L’exploration des effets que produisent ces expérimentations sur la qualité de nos sociétés mobilisera celle des stratégies et des actions susceptibles de faire le pont entre un travail de qualité et de meilleures sociétés. Elle pourra impliquer, notamment, l’examen de formes nouvelles ou repensées de solidarité et de partage de risques ; de stratégies de transition numérique et climatique justes ; du rôle de l’équité, de la diversité et de l’inclusion ; de formes alternatives de gouvernance corporative ; de politiques adoptées en réponse aux crises migratoires ; des institutions internationales et des mécanismes transnationaux permettant de réduire les inégalités de pouvoir et d’accroître les opportunités au sein des chaînes mondiales d’approvisionnement ; du rôle des écosystèmes innovants et inclusifs ; de nouvelles formes de délibération et de démocratie, etc.
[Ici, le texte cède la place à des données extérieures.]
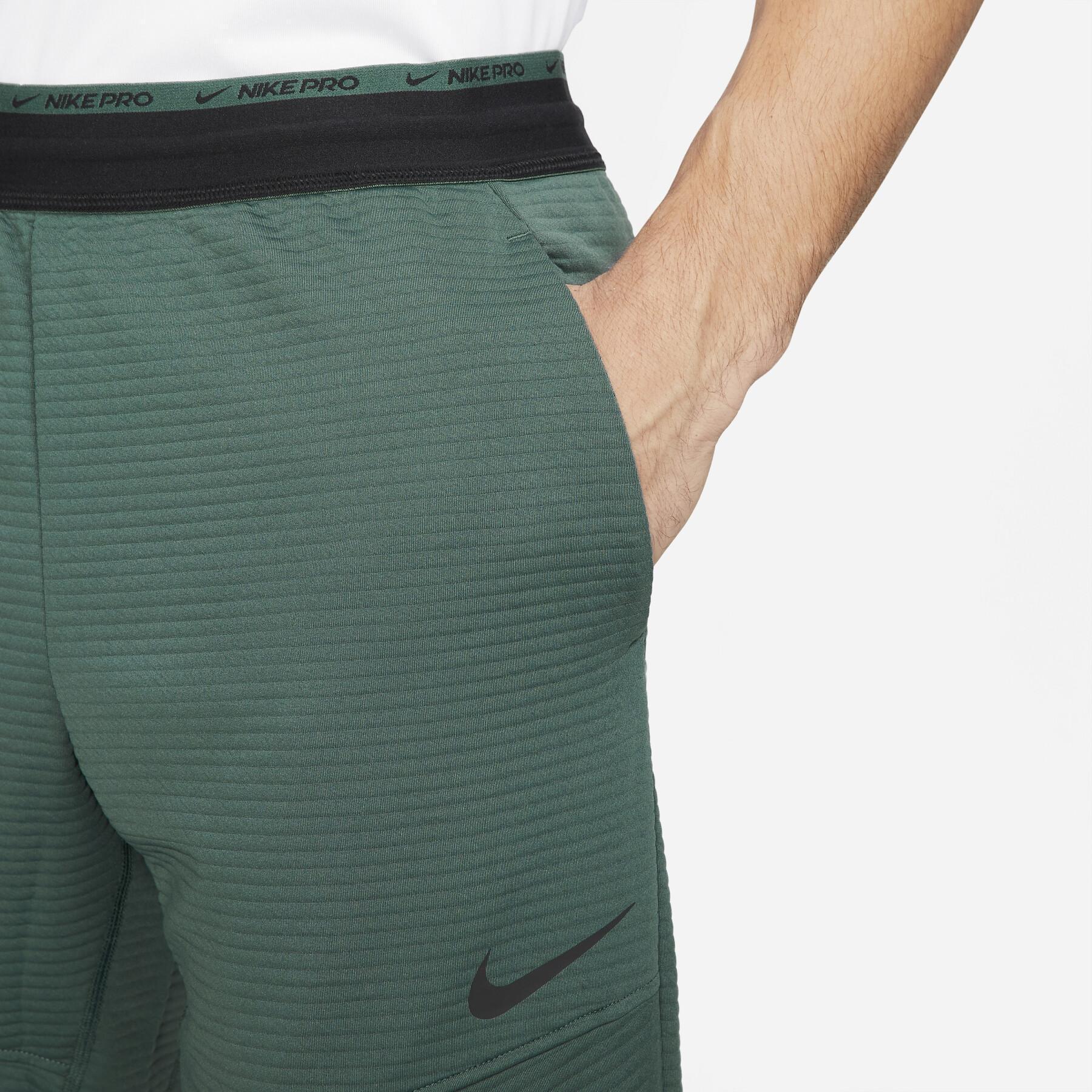 Joggingdräkt i fleece Nike NPC Fleece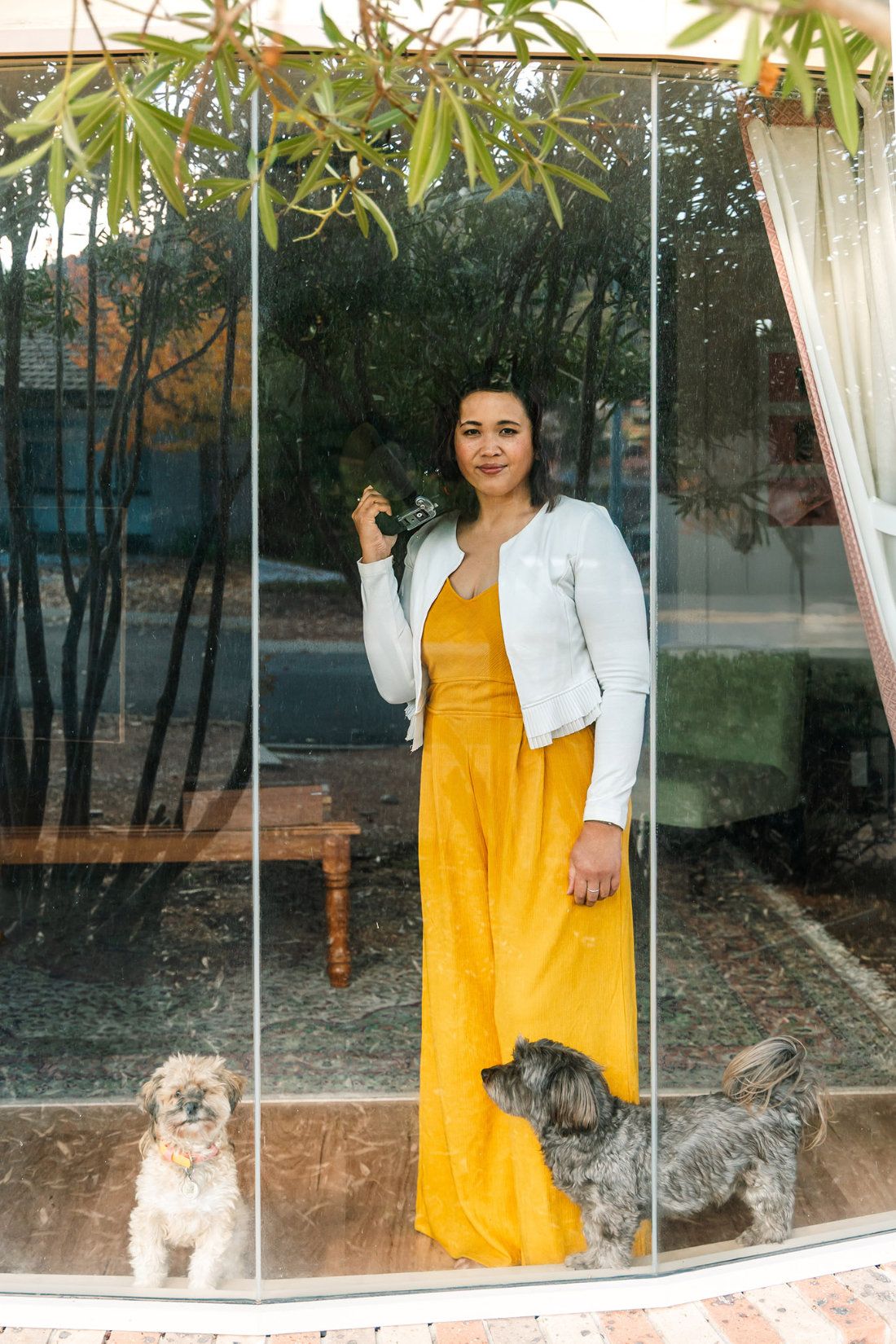 Pet photographer Ina J holding her Sony camera in the studio in front of framed dog portraits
Le travail est au cœur de la vie des gens : il donne un sens à l’activité humaine, structure les parcours de vie et fournit un vecteur d’intégration communautaire et sociétale. Si la dégradation du travail entraîne celle du tissu social, il est difficile d’imaginer l’essor de meilleures sociétés sans amélioration de la qualité du travail. Une amélioration qui découle de la capacité des acteurs à élargir et à diversifier leurs répertoires stratégiques. C’est pourquoi la résilience des acteurs, laquelle conditionne leur aptitude à s’engager dans les processus d’expérimentation, doit faire l’objet d’une attention particulière. Leur résilience s’exprime, par exemple, à travers de nouvelles interprétations, alliances, ressources, stratégies et capacités collectives, y incluant de résistance. Une meilleure appréhension de ces processus permettra d’affiner notre compréhension des acteurs sociaux, des logiques qui les animent et des expérimentations auxquelles ils se livrent. La mise en commun de ces expérimentations permettra également de mieux saisir pourquoi, sous certaines conditions, ces processus mènent à une amélioration ou à une détérioration de la qualité du travail, puis d’en tirer des leçons quant à leur potentiel d’avancement ou de recul des sociétés dans lesquelles nous vivons.